**Assignment:**
The answer must be an exact copy of the lines from the one containing "Enciclopedia dei Concorsi" through the end of the records, with the pictures left out.

**Data supplied:**
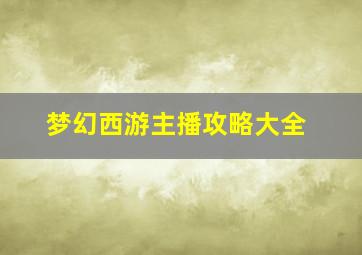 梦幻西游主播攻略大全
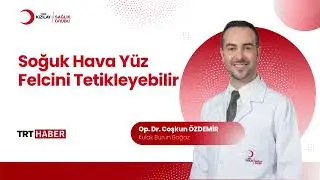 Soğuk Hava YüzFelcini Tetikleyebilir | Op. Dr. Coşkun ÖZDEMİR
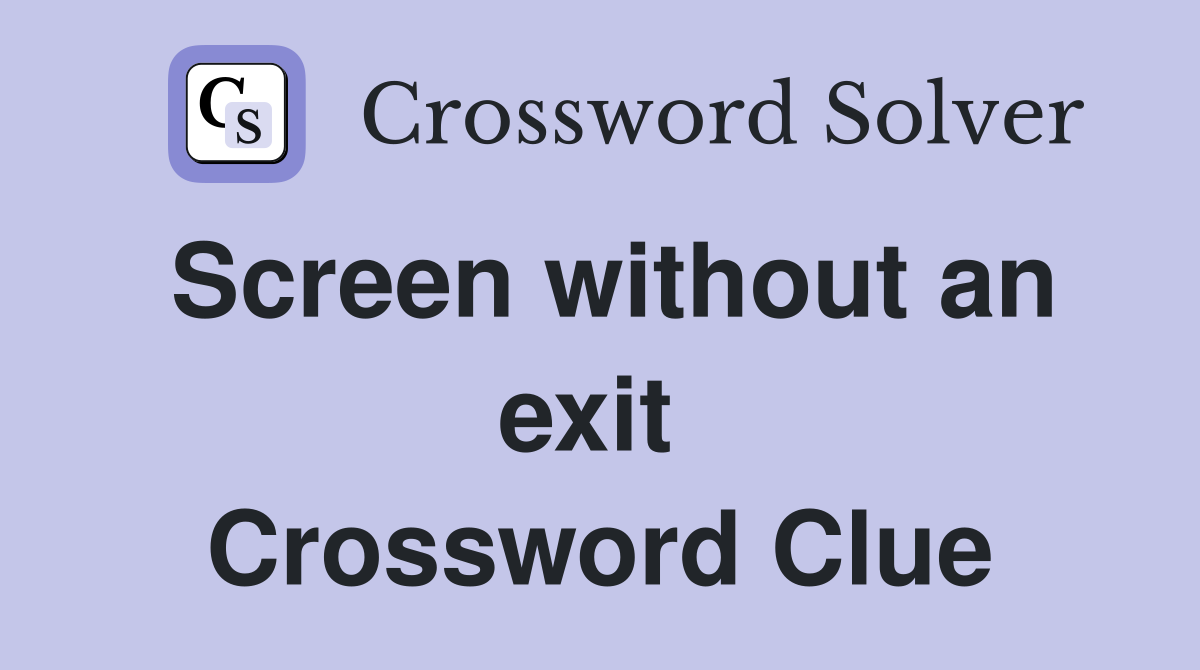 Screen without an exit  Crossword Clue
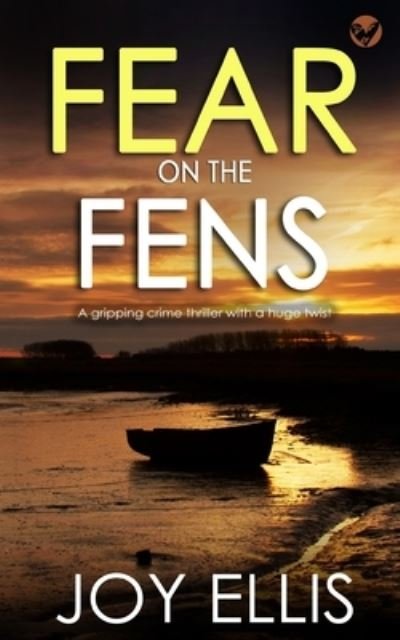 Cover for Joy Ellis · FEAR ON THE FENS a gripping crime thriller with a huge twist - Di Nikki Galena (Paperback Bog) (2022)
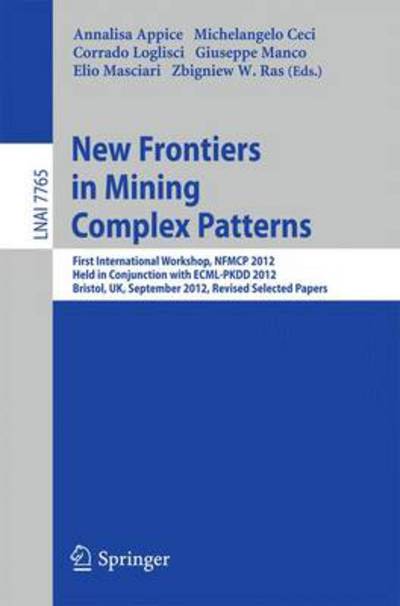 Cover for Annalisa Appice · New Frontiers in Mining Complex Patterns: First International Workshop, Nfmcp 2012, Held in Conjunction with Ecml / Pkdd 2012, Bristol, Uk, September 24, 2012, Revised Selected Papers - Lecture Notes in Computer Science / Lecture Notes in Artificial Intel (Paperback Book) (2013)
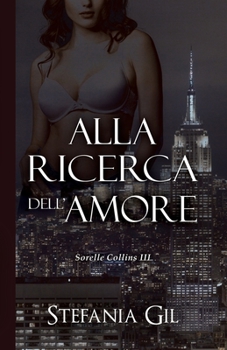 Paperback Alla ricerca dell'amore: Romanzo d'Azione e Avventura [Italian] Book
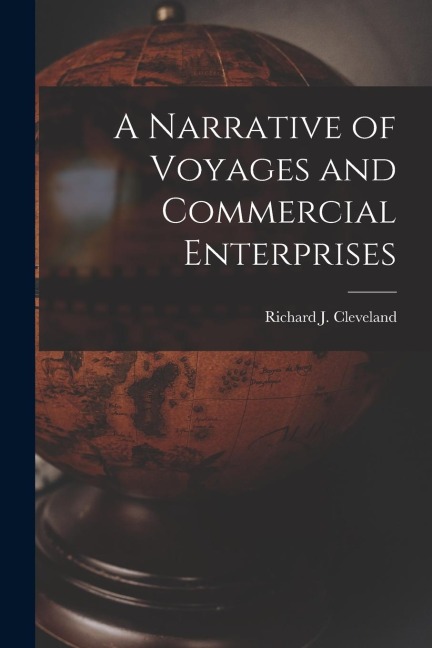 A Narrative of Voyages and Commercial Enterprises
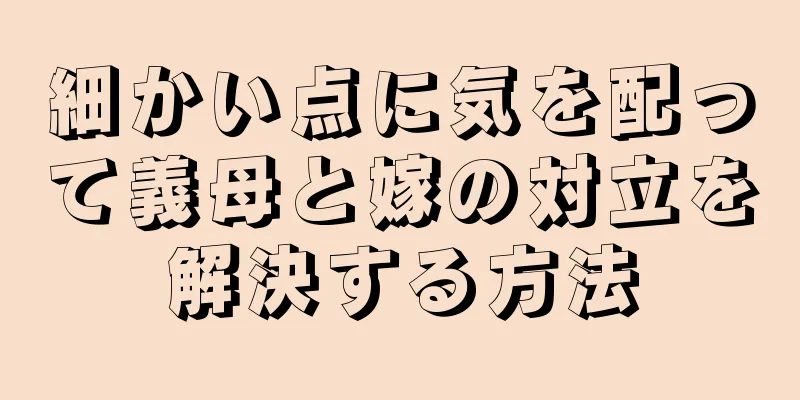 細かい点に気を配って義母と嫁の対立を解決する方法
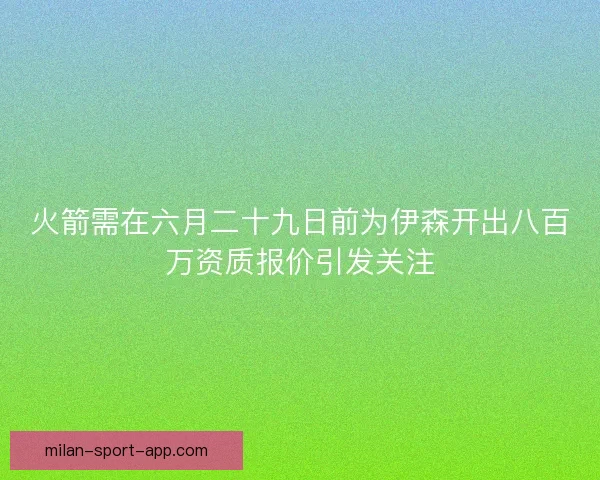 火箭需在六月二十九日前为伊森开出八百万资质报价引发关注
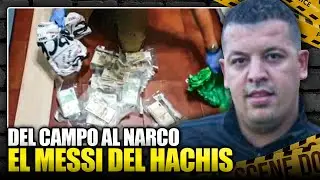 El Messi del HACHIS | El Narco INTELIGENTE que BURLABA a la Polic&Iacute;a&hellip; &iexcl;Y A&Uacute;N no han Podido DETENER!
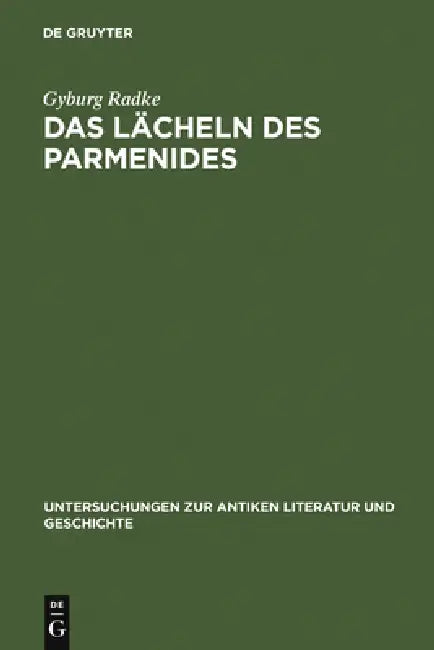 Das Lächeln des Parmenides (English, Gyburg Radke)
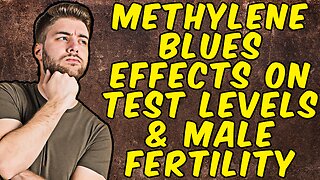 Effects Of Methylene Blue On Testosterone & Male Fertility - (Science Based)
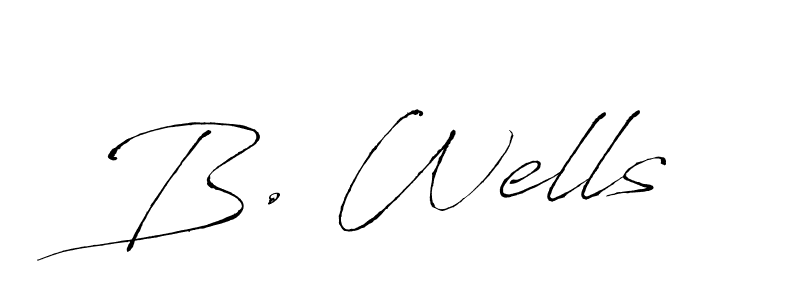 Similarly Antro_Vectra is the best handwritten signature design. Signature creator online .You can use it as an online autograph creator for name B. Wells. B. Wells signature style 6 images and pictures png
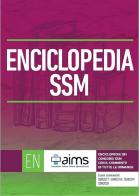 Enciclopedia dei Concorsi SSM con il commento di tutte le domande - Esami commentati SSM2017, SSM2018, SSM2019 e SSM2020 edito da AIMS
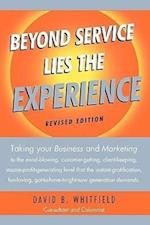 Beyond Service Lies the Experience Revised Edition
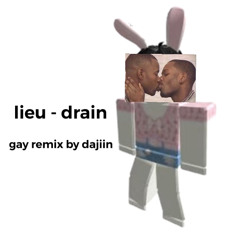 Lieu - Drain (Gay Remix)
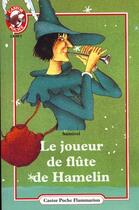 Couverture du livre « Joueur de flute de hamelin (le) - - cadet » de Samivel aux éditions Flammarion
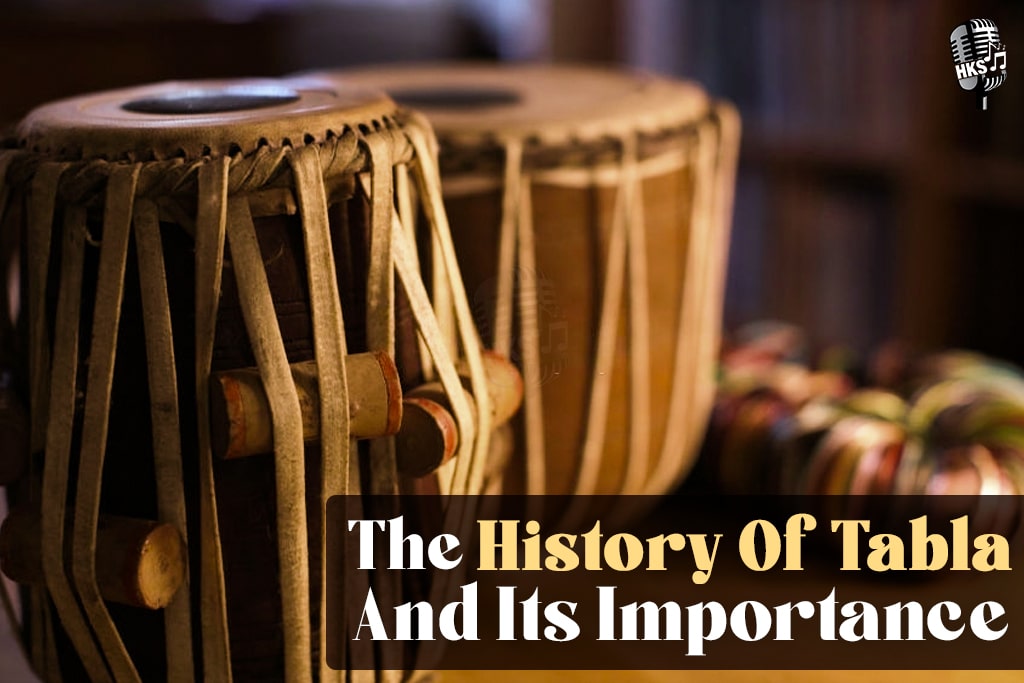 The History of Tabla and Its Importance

**Final answer:**
 Enciclopedia dei Concorsi SSM con il commento di tutte le domande - Esami commentati SSM2017, SSM2018, SSM2019 e SSM2020 edito da AIMS
 Beyond Service Lies the Experience Revised Edition
 Lieu - Drain (Gay Remix)
 Couverture du livre « Joueur de flute de hamelin (le) - - cadet » de Samivel aux éditions Flammarion
 The History of Tabla and Its Importance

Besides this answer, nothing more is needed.